§ What is being asked:
Would it be possible to output exactly, and only, the lines below from the one holding "lot 166 image: Misc." to the last line, both included, with every picture left out?

Records contained in a dataset:
════════════════════

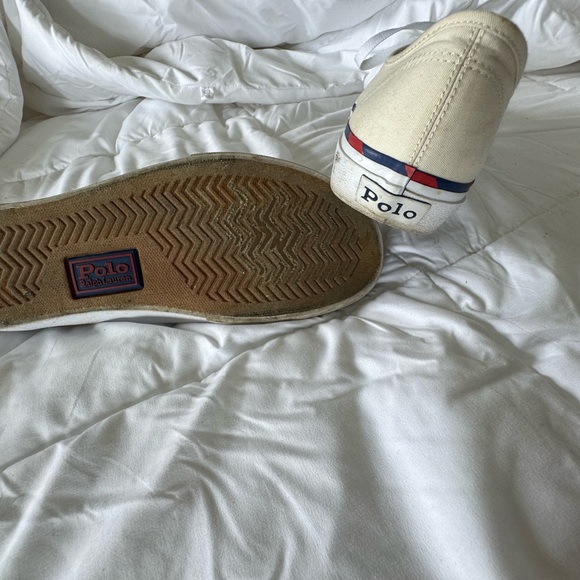 Men’s shoes - Picture 2 of 2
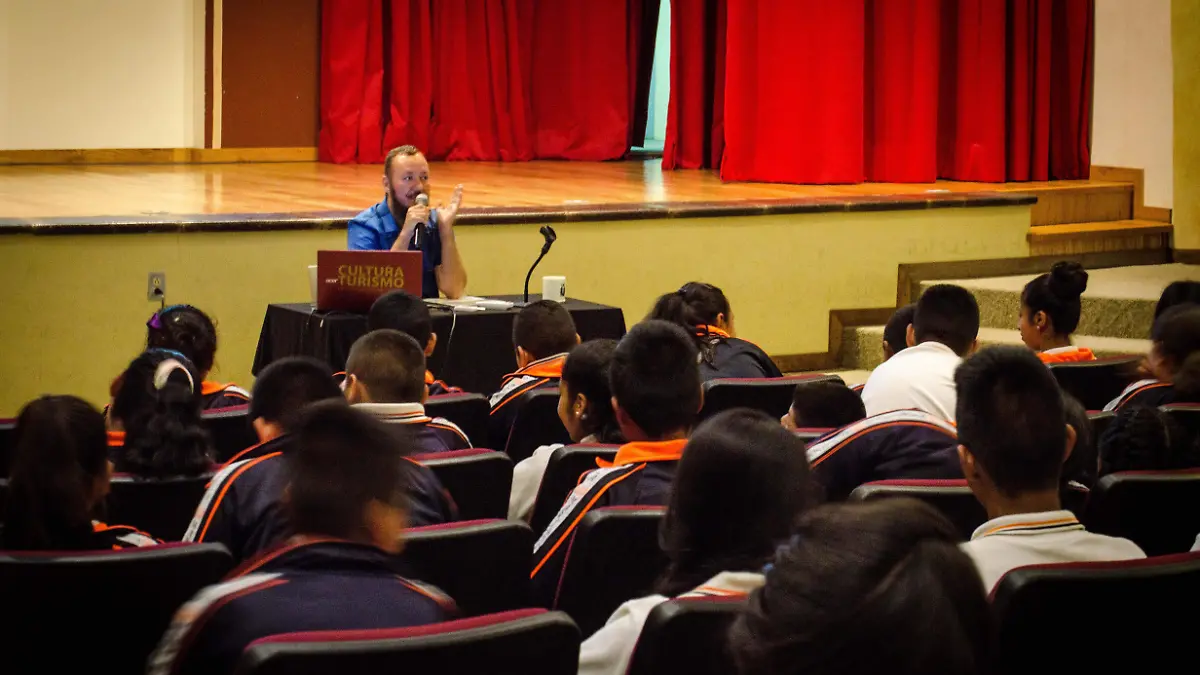 7.- Conferencias
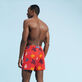 男士 Ronde des Tortues Multicolores 弹力游泳短裤 Poppy red 背面穿戴视图
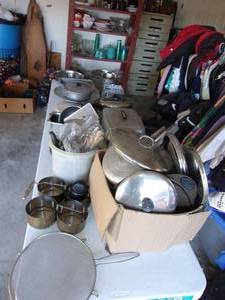 lot 166 image: Misc. Metal Pots, Pans, and Dishes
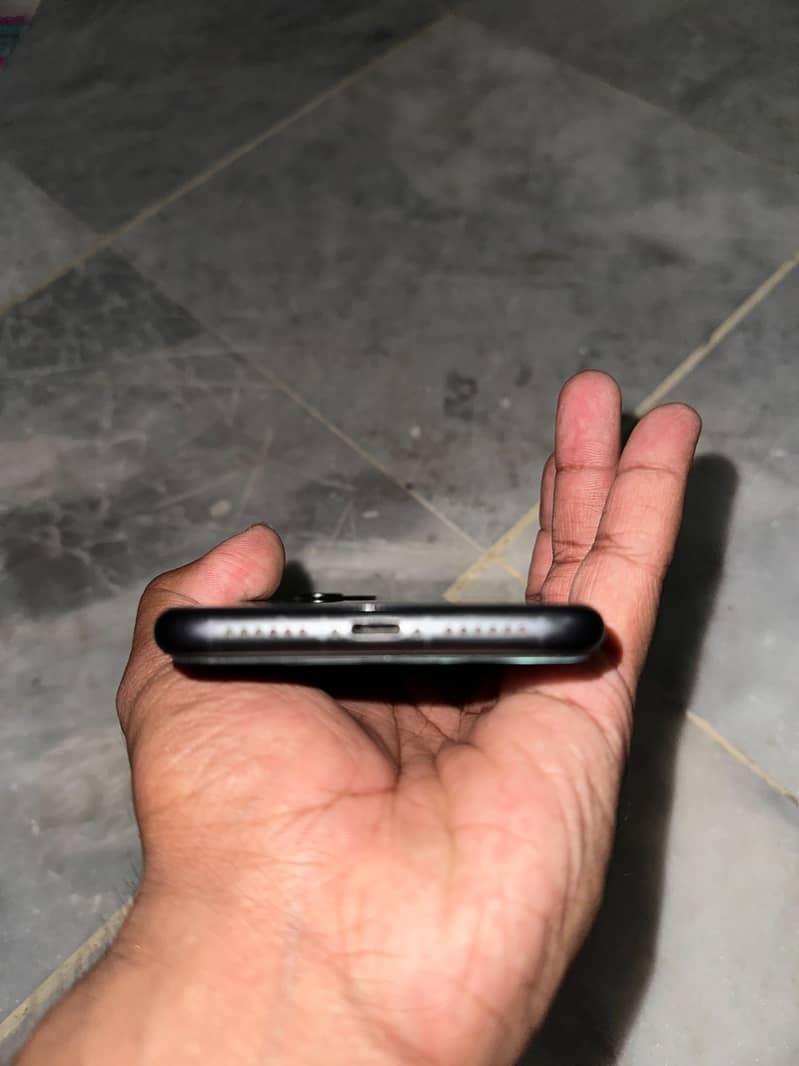 Apple iPhone 11 4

════════════════════

§ Completed exercise:
 lot 166 image: Misc. Metal Pots, Pans, and Dishes
 Apple iPhone 11 4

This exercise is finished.